| Try it |
In the listing below, find the line with "8966 SW 40th, Miami FL 33165" and the line with "64 Coppett Road, Crossville, TN 38572", then return them and every line between them exactly, minus the pictures.

| Record set |
+ + + + +

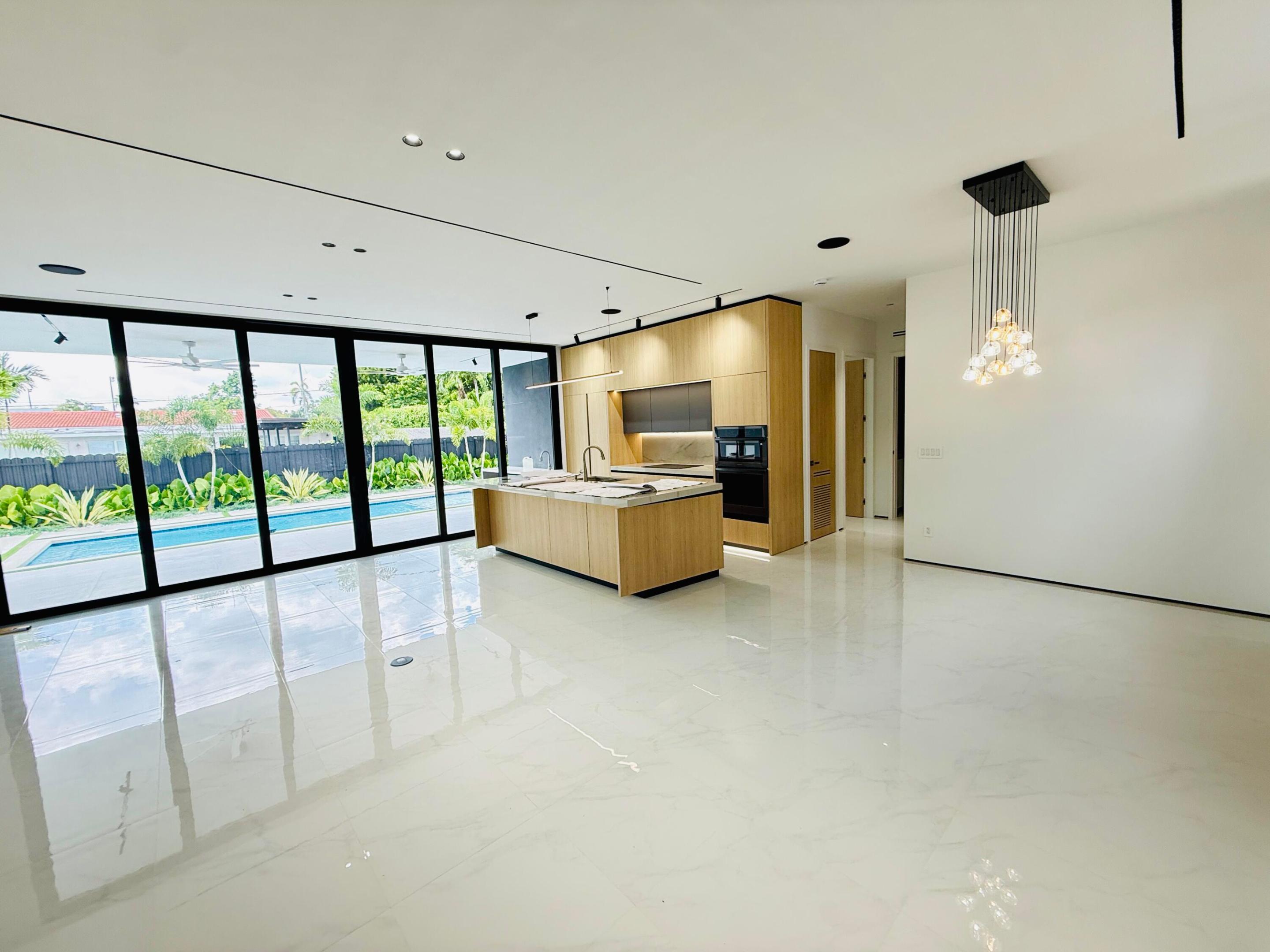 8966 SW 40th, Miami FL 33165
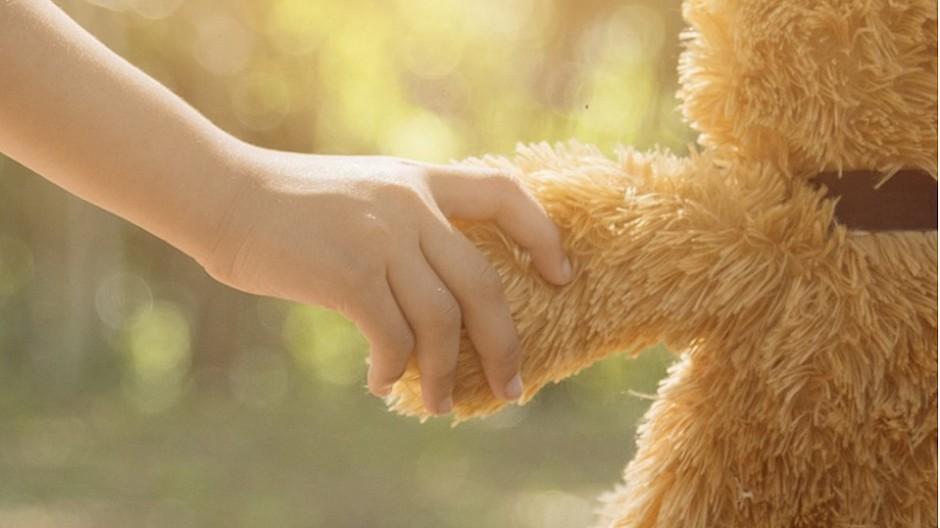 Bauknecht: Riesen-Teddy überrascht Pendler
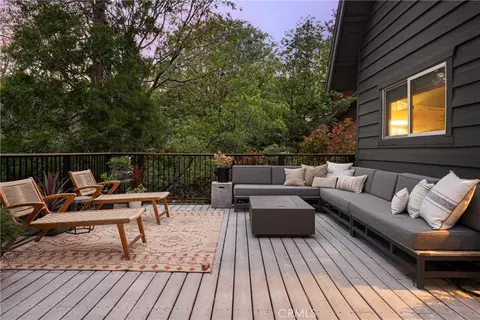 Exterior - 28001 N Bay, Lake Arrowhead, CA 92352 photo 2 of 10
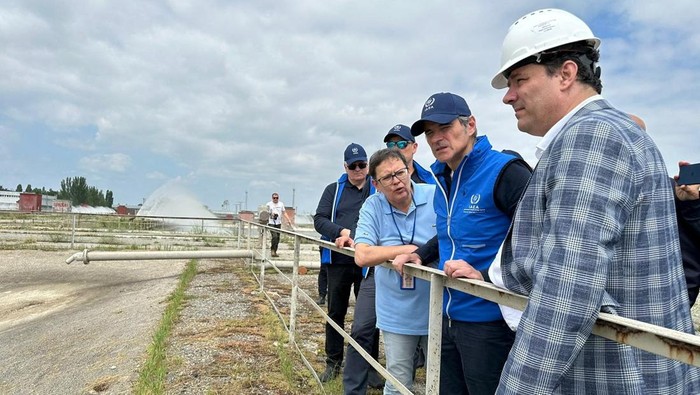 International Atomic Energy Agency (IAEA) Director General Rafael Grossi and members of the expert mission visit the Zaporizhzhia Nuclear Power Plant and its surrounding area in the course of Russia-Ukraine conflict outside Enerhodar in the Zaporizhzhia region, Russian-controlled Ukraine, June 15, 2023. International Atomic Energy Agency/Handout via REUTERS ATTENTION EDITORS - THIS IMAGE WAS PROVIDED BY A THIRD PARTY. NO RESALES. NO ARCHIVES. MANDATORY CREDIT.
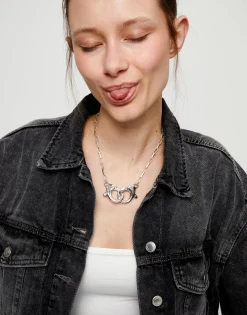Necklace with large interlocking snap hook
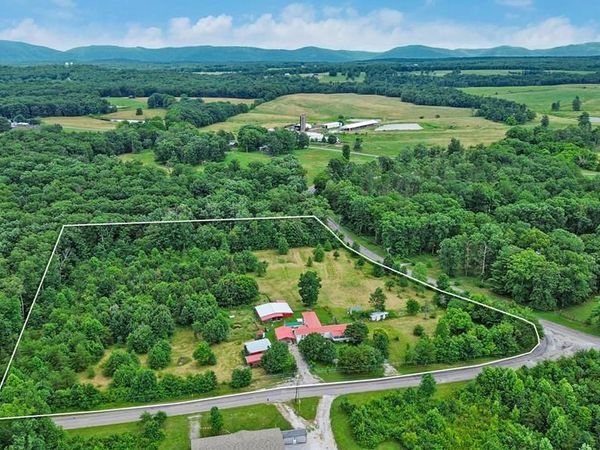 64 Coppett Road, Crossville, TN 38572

+ + + + +

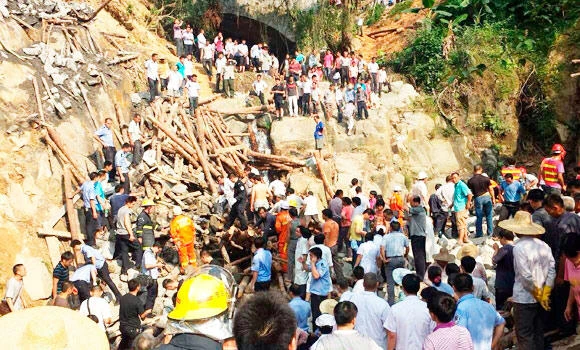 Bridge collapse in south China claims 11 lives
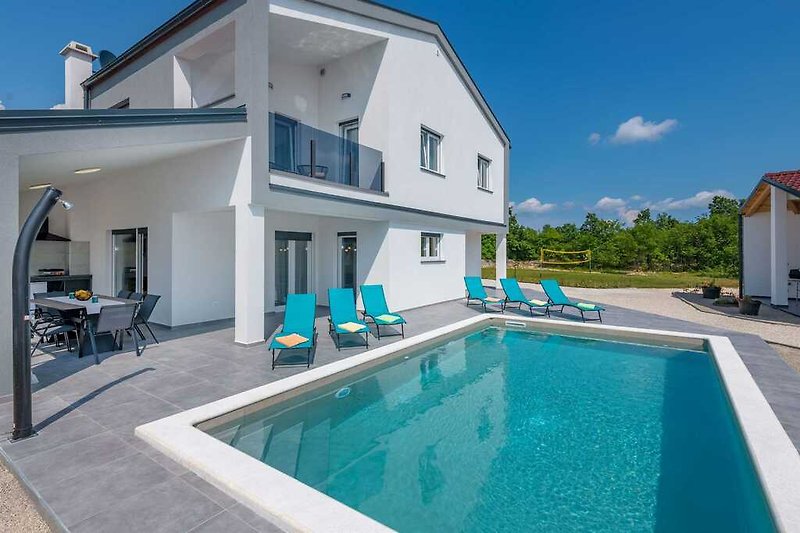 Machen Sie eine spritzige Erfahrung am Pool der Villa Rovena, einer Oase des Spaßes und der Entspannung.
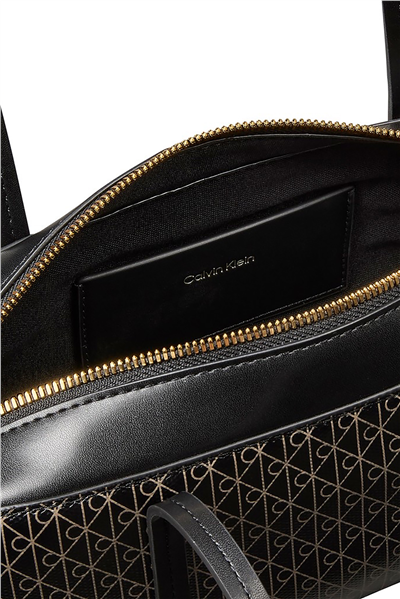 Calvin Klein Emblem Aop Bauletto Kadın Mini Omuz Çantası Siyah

+ + + + +

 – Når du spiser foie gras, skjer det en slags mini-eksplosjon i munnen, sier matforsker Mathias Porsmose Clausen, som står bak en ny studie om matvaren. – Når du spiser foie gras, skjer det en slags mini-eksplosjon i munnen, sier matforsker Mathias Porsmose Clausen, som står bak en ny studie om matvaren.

+ + + + +

| Response to the exercise |
 8966 SW 40th, Miami FL 33165
 Bauknecht: Riesen-Teddy überrascht Pendler
 Exterior - 28001 N Bay, Lake Arrowhead, CA 92352 photo 2 of 10
 International Atomic Energy Agency (IAEA) Director General Rafael Grossi and members of the expert mission visit the Zaporizhzhia Nuclear Power Plant and its surrounding area in the course of Russia-Ukraine conflict outside Enerhodar in the Zaporizhzhia region, Russian-controlled Ukraine, June 15, 2023. International Atomic Energy Agency/Handout via REUTERS ATTENTION EDITORS - THIS IMAGE WAS PROVIDED BY A THIRD PARTY. NO RESALES. NO ARCHIVES. MANDATORY CREDIT.
Necklace with large interlocking snap hook
 64 Coppett Road, Crossville, TN 38572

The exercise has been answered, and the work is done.